McGrath also stays away from advertising on radio, which has never worked well for him, and television, which is “a little bit pricier in the marketplace.” He adds that he has two very dominate competitors in his market—one a national franchise, the other a more regional 40-store chain—that are spending $10 million to $15 million a year in advertising and they both run ads on the three local TV channels.

“Primarily, we use the local tabloids that get delivered for free,” McGrath says. “We don’t do the penny-saver types. We do the local newspapers that have a heavy editorial focus on real local news. It’s the one I read to find out what’s going on in local government. My community newspaper is the one that I focus on most heavily. I split my advertising dollars between that and targeted marketing.”

McGrath says he focuses on Loudoun Country and its two surrounding counties for his aggressive marketing. How aggressive? Full-page, full-color ads at $1,400 each every week for the first two years. He says he began by setting aside 12 percent of sales for advertising. Today its more like four percent, and that’s where it’ll stay now that 55 to 60 percent of customers are referrals.

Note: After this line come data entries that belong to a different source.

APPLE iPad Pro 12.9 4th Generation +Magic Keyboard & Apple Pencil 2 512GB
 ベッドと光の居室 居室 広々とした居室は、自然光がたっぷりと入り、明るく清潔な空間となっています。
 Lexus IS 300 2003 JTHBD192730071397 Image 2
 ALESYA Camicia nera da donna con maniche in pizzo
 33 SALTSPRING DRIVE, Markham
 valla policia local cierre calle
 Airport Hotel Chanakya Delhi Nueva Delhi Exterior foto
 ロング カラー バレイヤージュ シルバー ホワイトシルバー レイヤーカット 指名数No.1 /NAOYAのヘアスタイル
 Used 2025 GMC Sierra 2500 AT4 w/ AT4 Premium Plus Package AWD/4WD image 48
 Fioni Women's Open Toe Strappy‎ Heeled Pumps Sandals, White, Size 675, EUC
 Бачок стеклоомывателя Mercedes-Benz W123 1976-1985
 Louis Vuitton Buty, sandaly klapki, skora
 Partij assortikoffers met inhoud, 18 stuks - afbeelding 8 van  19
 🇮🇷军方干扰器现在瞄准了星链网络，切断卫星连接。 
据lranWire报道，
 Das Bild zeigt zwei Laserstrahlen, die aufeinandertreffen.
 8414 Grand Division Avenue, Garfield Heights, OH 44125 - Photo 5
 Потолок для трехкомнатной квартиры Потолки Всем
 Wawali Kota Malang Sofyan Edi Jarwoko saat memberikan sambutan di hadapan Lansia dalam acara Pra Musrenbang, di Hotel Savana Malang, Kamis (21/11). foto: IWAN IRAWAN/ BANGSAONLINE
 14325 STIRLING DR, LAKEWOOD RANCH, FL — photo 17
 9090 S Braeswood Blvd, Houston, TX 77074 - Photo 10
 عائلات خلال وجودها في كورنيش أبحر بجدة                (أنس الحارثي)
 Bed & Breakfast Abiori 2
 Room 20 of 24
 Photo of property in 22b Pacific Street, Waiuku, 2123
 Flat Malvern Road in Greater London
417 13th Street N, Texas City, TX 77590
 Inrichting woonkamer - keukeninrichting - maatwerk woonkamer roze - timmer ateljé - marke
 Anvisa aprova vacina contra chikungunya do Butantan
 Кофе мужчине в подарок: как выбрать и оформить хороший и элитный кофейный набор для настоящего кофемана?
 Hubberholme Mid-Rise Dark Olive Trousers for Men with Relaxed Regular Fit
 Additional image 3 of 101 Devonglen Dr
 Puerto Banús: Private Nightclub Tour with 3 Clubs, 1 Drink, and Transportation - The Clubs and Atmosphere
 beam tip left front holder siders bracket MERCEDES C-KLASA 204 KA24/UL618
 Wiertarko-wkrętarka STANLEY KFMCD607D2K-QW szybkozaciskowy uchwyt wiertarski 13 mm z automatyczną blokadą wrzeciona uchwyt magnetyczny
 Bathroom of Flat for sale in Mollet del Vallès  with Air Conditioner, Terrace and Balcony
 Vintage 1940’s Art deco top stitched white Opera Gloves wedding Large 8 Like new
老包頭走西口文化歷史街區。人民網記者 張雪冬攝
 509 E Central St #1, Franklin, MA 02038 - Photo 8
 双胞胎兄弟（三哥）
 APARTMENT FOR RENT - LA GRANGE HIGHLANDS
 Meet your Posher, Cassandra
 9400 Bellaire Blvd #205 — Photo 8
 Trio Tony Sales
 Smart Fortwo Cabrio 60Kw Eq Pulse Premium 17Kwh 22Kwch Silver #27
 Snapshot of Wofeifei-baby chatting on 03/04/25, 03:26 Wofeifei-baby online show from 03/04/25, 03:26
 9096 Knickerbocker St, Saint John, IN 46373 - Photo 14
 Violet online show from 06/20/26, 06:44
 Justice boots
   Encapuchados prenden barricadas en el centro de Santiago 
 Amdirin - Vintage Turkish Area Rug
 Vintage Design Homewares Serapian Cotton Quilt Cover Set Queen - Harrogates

That’s key, too, because each referral helps build McGrath’s customer database, which he plans to mine for more business in the near future. He has in mind other home improvement products that can make use of his current facilities and trained installers and will be marketed to his current customers. The way he sees it, if the salesperson is in the home anyway, and the customer feels confident in his or her ability to meet their window coverings needs, they should feel the same about other aspects of their interiors.

CUSTOMERS ‘GET IT’
For McGrath, it all comes down to consistency and loyalty. Consistently serving customers’ needs creates loyal customers who will keep coming back for more. That plan works for The Blind, Shade & Shutter Co. even in the face of strong competition and even with two major box store chains in the immediate vicinity.

“We are never going to try to compete with [those stores]. It’s not in our best interest,” McGrath says. We will always soundly thrash them on service. We have a fair price and the client base that we get understands that.

“We are, dollar-wise, probably dead center in the middle of the marketplace. We’re not the most expensive; we’re not the least expensive, and people get that.

“We focus on service. Our people are well-trained, they’re very respectful, we don’t use any subcontractors and once someone has been through a [box store] project—the one time they do it in their lives, whether it be for a deck or a floor or a window treatment or whatever—they find that they’re dealing with two different subcontractors . . . there are way too many layers. People want to be able to come in and shake your hand and say, ‘OK so you’re going to take care of my house?’ And we say, ‘Yes, we are’.”